▶ _DATA FOR REVIEW_:
▼
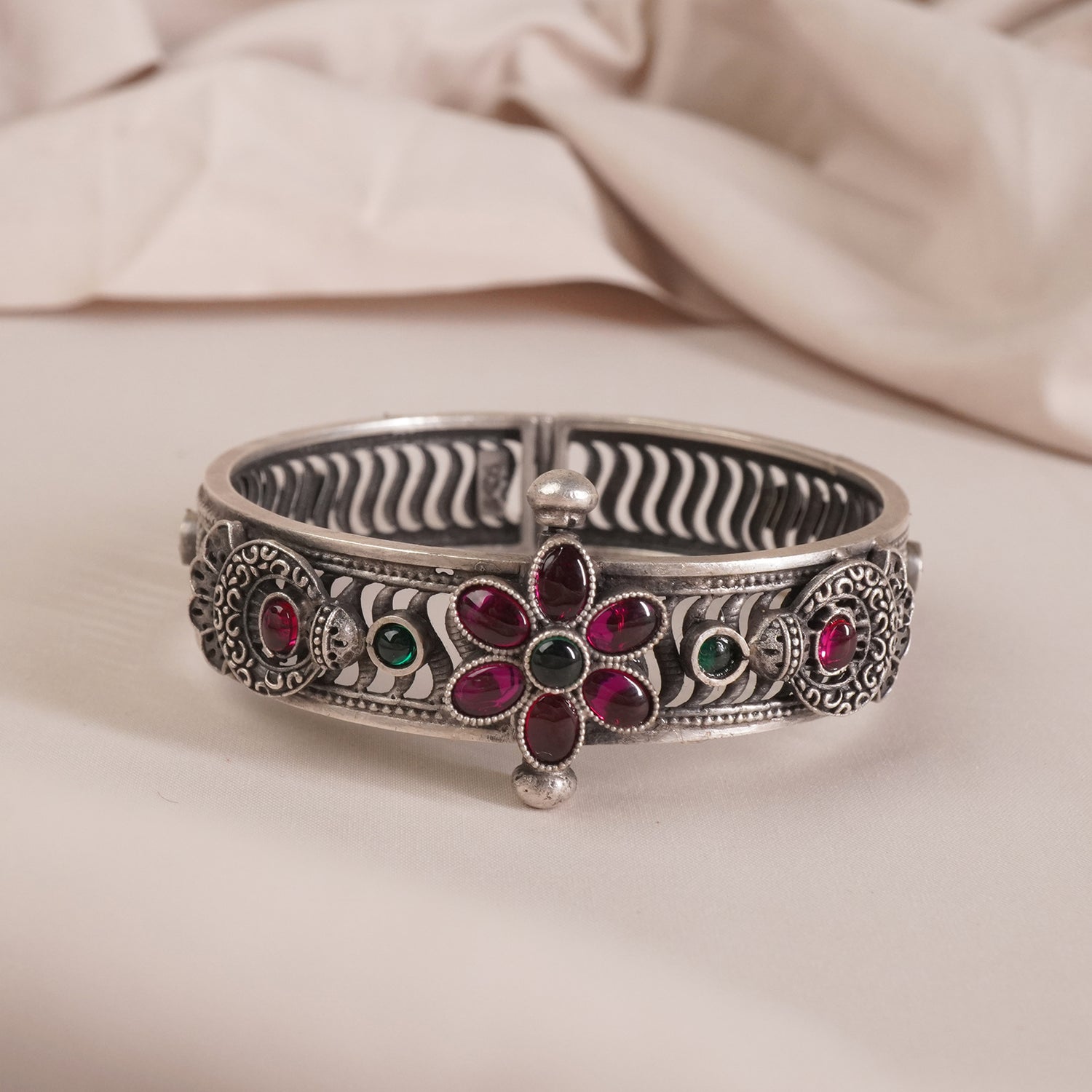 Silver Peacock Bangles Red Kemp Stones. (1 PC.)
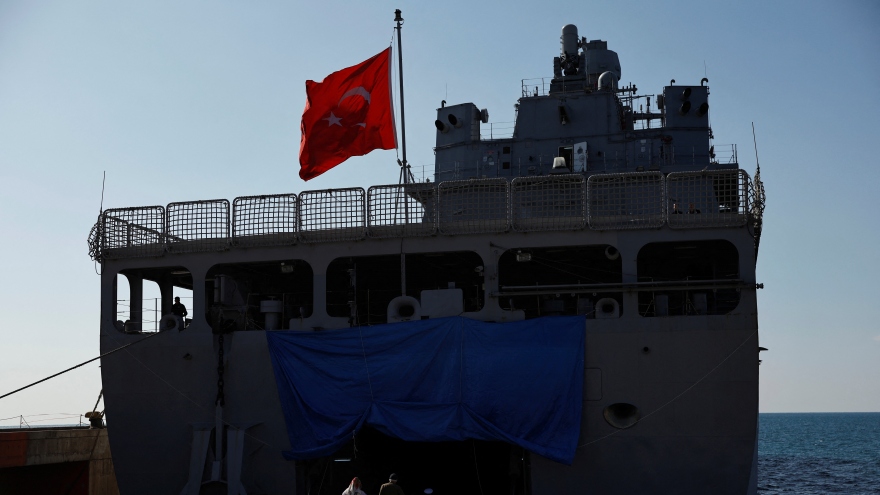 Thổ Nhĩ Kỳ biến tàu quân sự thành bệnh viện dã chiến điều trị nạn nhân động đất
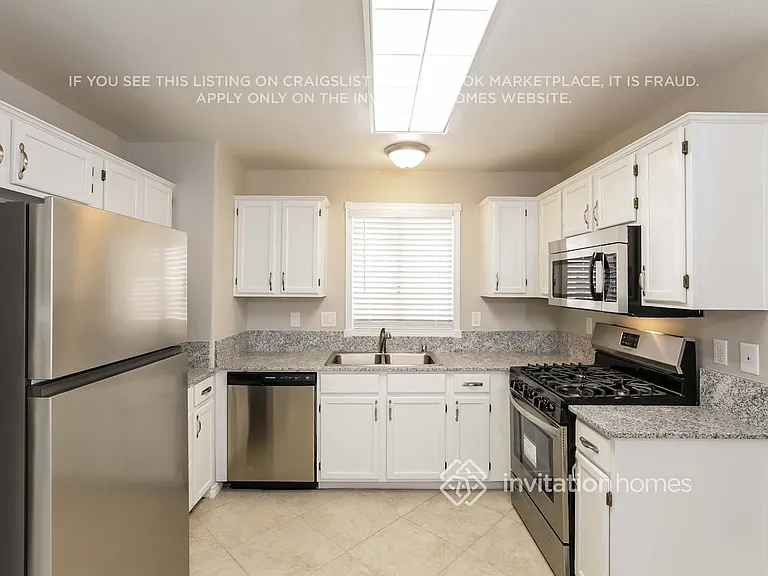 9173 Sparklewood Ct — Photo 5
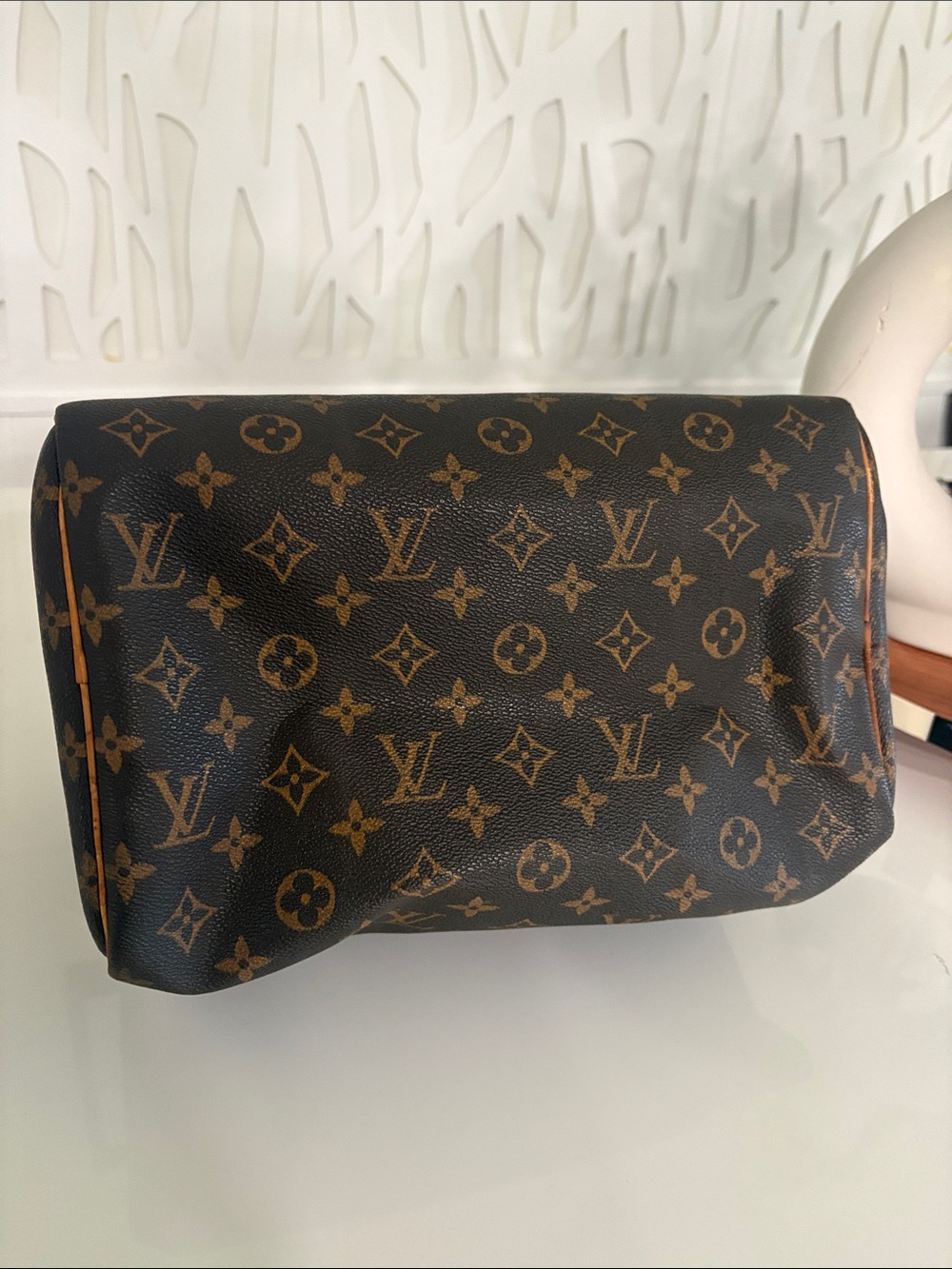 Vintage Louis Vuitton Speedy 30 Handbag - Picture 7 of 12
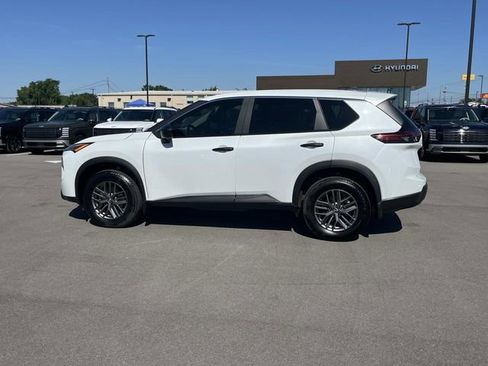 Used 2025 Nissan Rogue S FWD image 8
▲
▼
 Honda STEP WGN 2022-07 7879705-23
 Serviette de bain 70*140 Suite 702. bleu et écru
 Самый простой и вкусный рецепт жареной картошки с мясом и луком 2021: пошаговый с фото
▲
▶ _WHAT TO DO_:
Beginning with the line that contains "Vintage Louis Vuitton" and ending with the line that contains "Used 2025 Nissan Rogue S FWD image 8", reproduce the listing exactly, pictures excluded.

▶ _EXPECTED ANSWER_:
 Vintage Louis Vuitton Speedy 30 Handbag - Picture 7 of 12
 Used 2025 Nissan Rogue S FWD image 8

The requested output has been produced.